Die ästhetische Gestaltung einer Handschrift, der Aufbau des Texts im Verhältnis zu den Bildern, die Motivik und Auswahl der Bilder, all dies spielte für die Wirkung einer Handschrift eine große Rolle und sagte viel über den Künstler und seinen Auftraggeber aus: über dessen Verständnis von Literatur, Kunst und Religion. Letzterer war oft ein Herrscher, z.B. im Falle der frühesten Handschriften des Mantiq at-Teyr ein Enkel Timur Lenks (Timurs des Lahmen) namens Iskandar, der von 1405-1414 über Teile Südirans herrschte (zunächst in Yazd, später in Schiraz).
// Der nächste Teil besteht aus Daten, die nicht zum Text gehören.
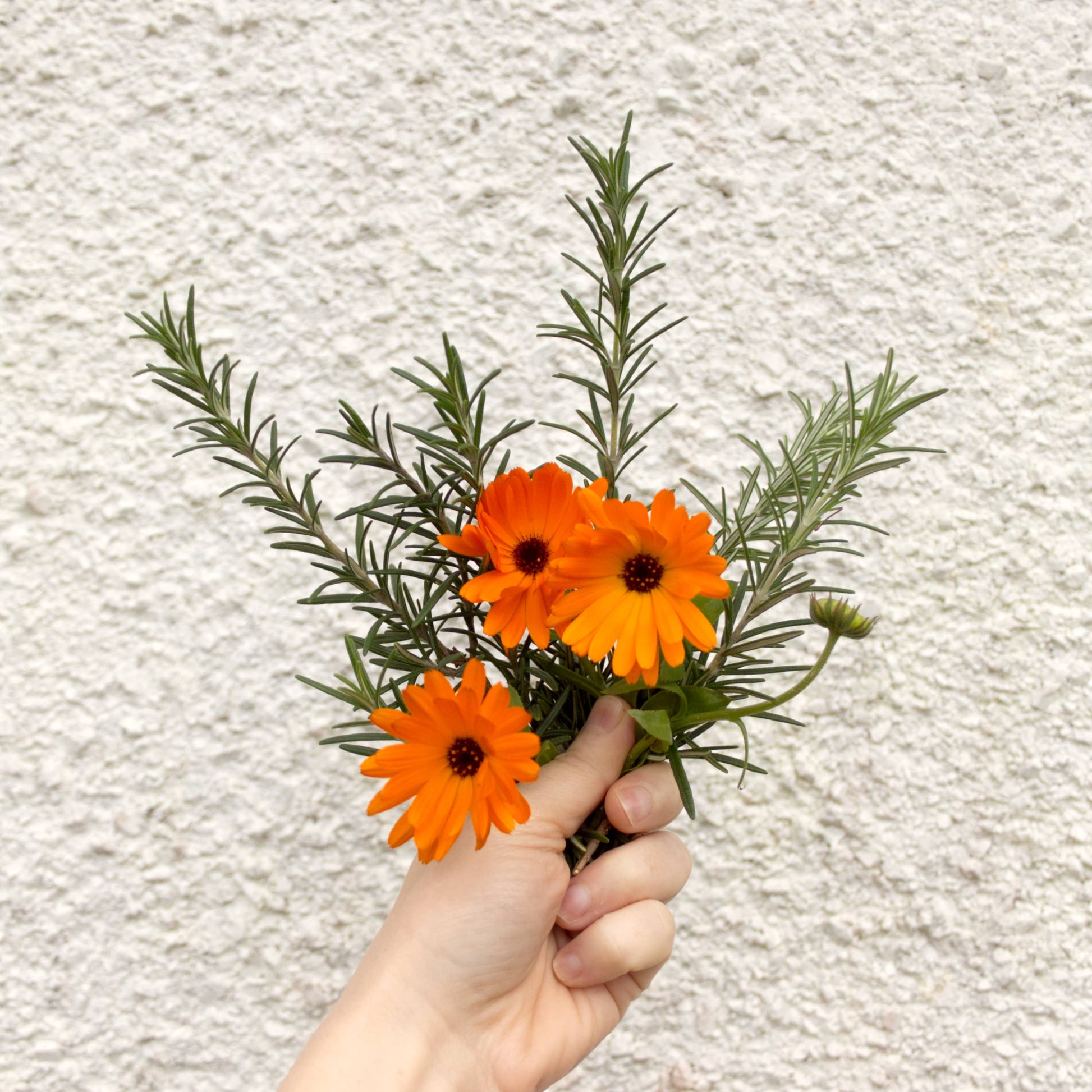 Hand holding a small bouquet of orange flowers and green leaves against a textured light background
Eine der zentralen Erkenntnisse der Dissertation bezieht sich auf die Entwicklung der Bildersprache der Handschriften des Mantiq at-Teyr im 15. Jahrhundert, für die Frau Sturkenboom eine Unterteilung in drei Phasen vorschlägt. Hierauf wird sie in ihrem folgenden Vortrag genauer eingehen und dies auch mit Bildern veranschaulichen, deshalb will ich dem hier nicht vorgreifen.

Zusammenfassend will ich auf vier Ebenen hinweisen, auf denen die Leistungen dieser Dissertation vor allem zu sehen und hervorzuheben sind:

  • sie erschließt ein immens komplexes und umfangreiches empirisches Material. Frau Sturkenboom hat 25 Mantiq at-Teyr-Handschriften, alle aus dem 15. Jahrhundert bekannten, meist im Original, in über einem Dutzend Bibliotheken eingesehen und genau untersucht (Berlin, Wien, Kopenhagen, Krakau, Paris, London, Oxford, New York, Paris, Rom, Istanbul, weitere drei Bibliotheken in Indien u.v.m.)
  • sie unterzieht jede einzelne dieser Handschriften einer genauen formalen und inhaltlichen Analyse (vor allem in Bezug auf das Verhältnis von Bild zu Text) und versucht dabei, sämtliche manuskriptkundlichen Apekte, die für die Fragestellung relevant sein können, zu berücksichtigen. Diese beeindruckende analytische und Fleißarbeit liegt in dem 2. Band der Arbeit vor, einem „Katalog“ der 25 Handschriften von über 200 Seiten, der für jede einzelne Handschrift eine ausführliche Tabelle zu allen Einzelaspekten enthält
  • sie analysiert die Entwicklung der Bildersprache des Mantiq at-Teyr (ausführlich: siehe der folgende Vortrag von Frau Sturkenboom)
  • darüber hinaus bietet die Dissertation über das Kernthema hinausweisende, sehr interessante Ausblicke auf weitere Kontexte, in denen Handschriften des Mantiq at-Teyr wichtig waren, etwa im Indien des 16. Jahrhunderts oder im kadscharischen Iran (19. Jahrhundert).

Derartige Arbeiten, die ein Werk über eine so große Zahl von Handschriften über einen kompakten Zeitraum umfassend untersuchen, hat es bislang in der islamischen Kunstgeschichte kaum gegeben. Die islamische Kunstgeschichte ist überwiegend immer noch mit der Erschließungsarbeit von einzelnen Werken bzw. Handschriften beschäftigt, mit der Analyse und Zuordnung einzelner Kunstwerke zu Künstlern oder zu Phasen der Kunstgeschichte. In diesem Sinne ist die Dissertation von Ilse Sturkenboom eine außergewöhnliche Pionierarbeit, die gleichzeitig sowohl umfangreiches empirisches Material neu erschließt als auch dieses bereits für eine breit aufgestellte Interpretation nutzbar macht“.